* **WORK ORDER**: Go through the lines below and repeat each one exactly, skipping pictures.

* **EXERCISE INPUTS**:
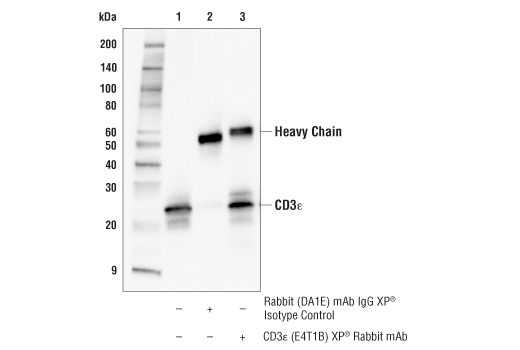 Mouse Immune Cell Phenotyping IHC Antibody Sampler Kit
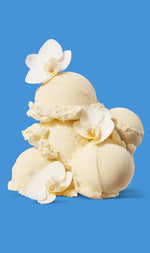 Ultimate 42g Vanilla Protein Shake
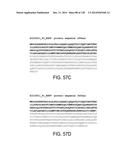 POLYPEPTIDES AND POLYNUCLEOTIDES, AND USES THEREOF AS A DRUG TARGET FOR     PRODUCING DRUGS AND BIOLOGICS diagram and image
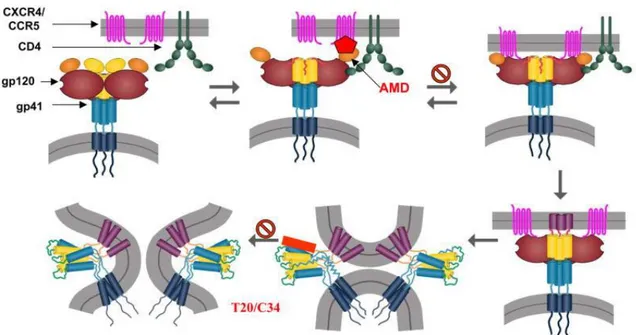 Figure 5 : séquences impliquées dans la fusion du virus à la cellule hôte 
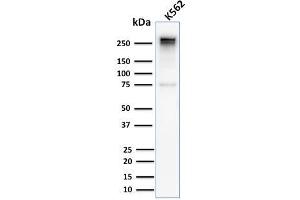 Western Blot Analysis of Human K562 cell lysate using Spectrin alpha 1 Rabbit Recombinant Monoclonal Antibody (SPTA1/2939R). (Rekombinanter SPTA1 Antikörper  (AA 356-475))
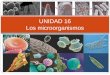 UNIDAD 16 Los microorganismos. Recursos para la explicación de la unidad Características de los microorganismos Tipos de microorganismos BacteriasEstructura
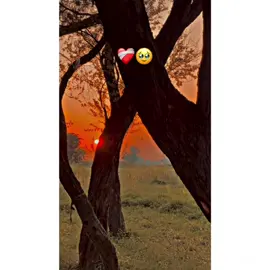 🌾🌱پنجابی مندُا🌱🌾🌺🍁۔ ❤️‍🩹🫤🥀🙌🏻۔ #pypシtiktok☆♡🦋viralvideo🖤#pypシtiktok☆♡🦋🥰🥰#videoviral #terrorifico #terrorifico ❤️‍🩹🥀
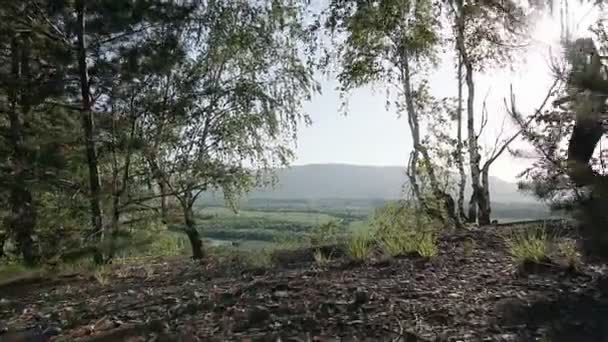 Idrottsman flicka kör genom skogen skogen. Riktiga människor, kvinna löpare sport utbildning under våren eller sommaren mountain utomhus natur, solnedgång — Stockvideo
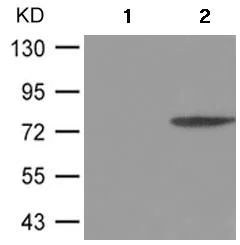 Western blot - Anti-ATRIP (phospho S68) antibody (AB182626)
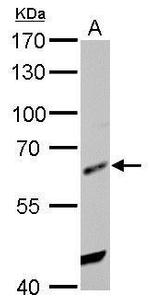 HDAC2 Antibody in Western Blot (WB)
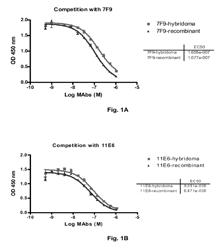 Antibodies to receptor of advanced glycation end products (RAGE) and uses thereof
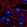 Anti-ACTR10 Antibody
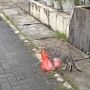 Viral Video Kucing Gondol Nasi Kotak, Berakhir Tepergok sampai Terjungkal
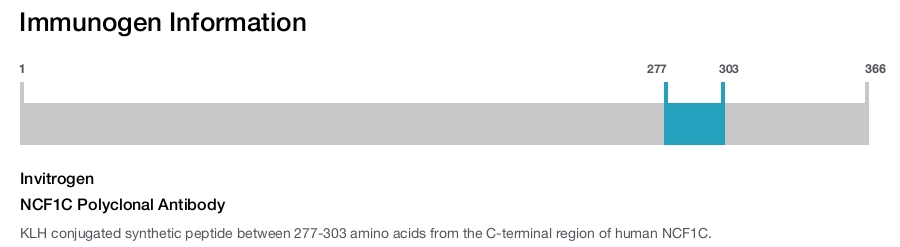 NCF1C Polyclonal Antibody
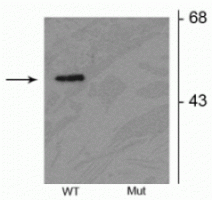Western blot of HEK293 cells transfected with Parkin wild type (WT) and Parkin S378 mutant(Mut) showing the specific immunolabeling of the ~52 kDa parkin protein phosphorylated at Ser378. 
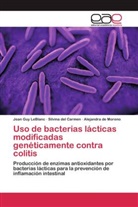 Silvina del Carmen, A de Moreno, Alejandra de Moreno, Silvin del Carmen, Silvina del Carmen, Jean Gu LeBlanc... - Uso de bacterias lácticas modificadas genéticamente contra colitis
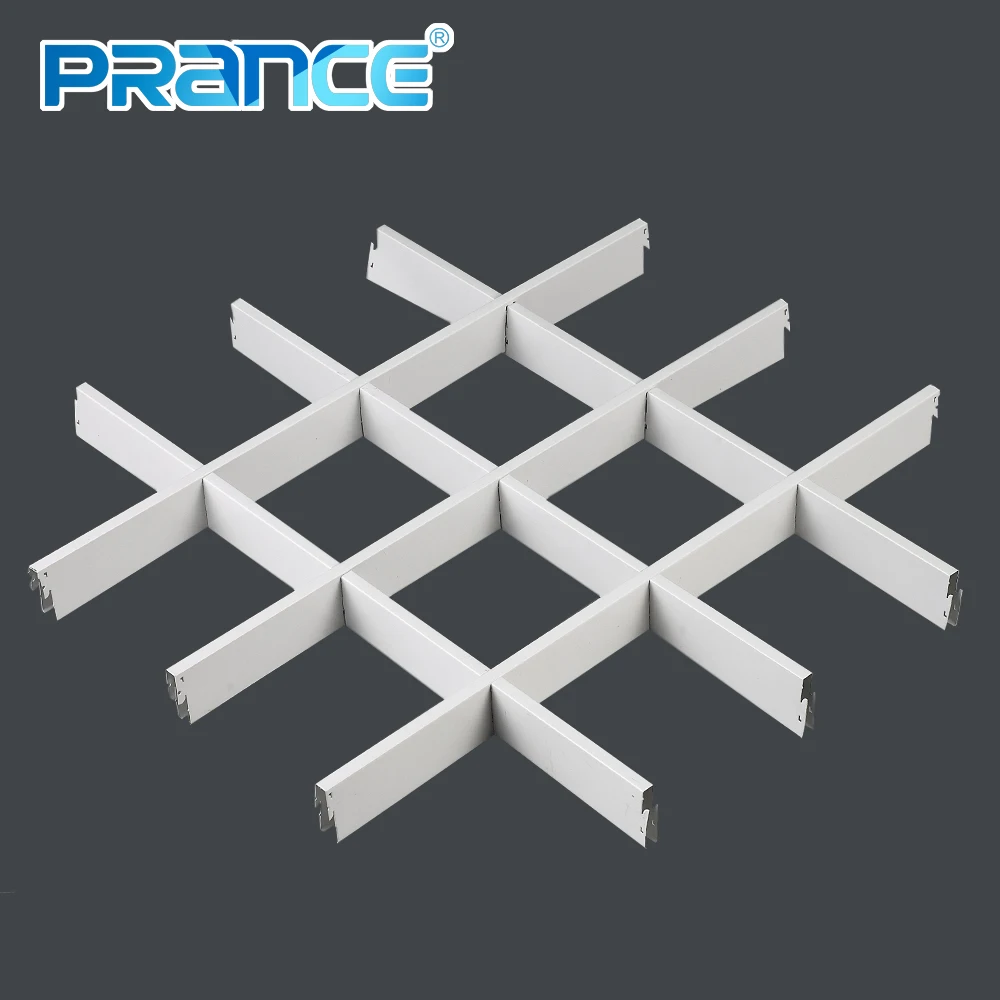 Open Ceiling with Mesh Cells/Building Aluminum Design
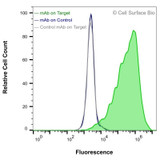 Flow Cytometry, Extracellular: HEK-F cells transiently transfected with GPRC5D were stained with GPRC5D Monoclonal Antibody (CSB0219) (green) or isotype control antibody (gray), followed by AlexaFluor 647- conjugated anti- IgG secondary antibody. HEK-F cells transiently transfected with an empty control vector were also stained with GPRC5D Monoclonal Antibody (CSB0219) (blue).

* **EXERCISE OUTPUT**:
 Mouse Immune Cell Phenotyping IHC Antibody Sampler Kit
 Ultimate 42g Vanilla Protein Shake
 POLYPEPTIDES AND POLYNUCLEOTIDES, AND USES THEREOF AS A DRUG TARGET FOR     PRODUCING DRUGS AND BIOLOGICS diagram and image
 Figure 5 : séquences impliquées dans la fusion du virus à la cellule hôte 
 Western Blot Analysis of Human K562 cell lysate using Spectrin alpha 1 Rabbit Recombinant Monoclonal Antibody (SPTA1/2939R). (Rekombinanter SPTA1 Antikörper  (AA 356-475))
 UNIDAD 16 Los microorganismos. Recursos para la explicación de la unidad Características de los microorganismos Tipos de microorganismos BacteriasEstructura
 🌾🌱پنجابی مندُا🌱🌾🌺🍁۔ ❤️‍🩹🫤🥀🙌🏻۔ #pypシtiktok☆♡🦋viralvideo🖤#pypシtiktok☆♡🦋🥰🥰#videoviral #terrorifico #terrorifico ❤️‍🩹🥀
 Idrottsman flicka kör genom skogen skogen. Riktiga människor, kvinna löpare sport utbildning under våren eller sommaren mountain utomhus natur, solnedgång — Stockvideo
 Western blot - Anti-ATRIP (phospho S68) antibody (AB182626)
 HDAC2 Antibody in Western Blot (WB)
 Antibodies to receptor of advanced glycation end products (RAGE) and uses thereof
 Anti-ACTR10 Antibody
 Viral Video Kucing Gondol Nasi Kotak, Berakhir Tepergok sampai Terjungkal
 NCF1C Polyclonal Antibody
Western blot of HEK293 cells transfected with Parkin wild type (WT) and Parkin S378 mutant(Mut) showing the specific immunolabeling of the ~52 kDa parkin protein phosphorylated at Ser378. 
 Silvina del Carmen, A de Moreno, Alejandra de Moreno, Silvin del Carmen, Silvina del Carmen, Jean Gu LeBlanc... - Uso de bacterias lácticas modificadas genéticamente contra colitis
 Open Ceiling with Mesh Cells/Building Aluminum Design
 Flow Cytometry, Extracellular: HEK-F cells transiently transfected with GPRC5D were stained with GPRC5D Monoclonal Antibody (CSB0219) (green) or isotype control antibody (gray), followed by AlexaFluor 647- conjugated anti- IgG secondary antibody. HEK-F cells transiently transfected with an empty control vector were also stained with GPRC5D Monoclonal Antibody (CSB0219) (blue).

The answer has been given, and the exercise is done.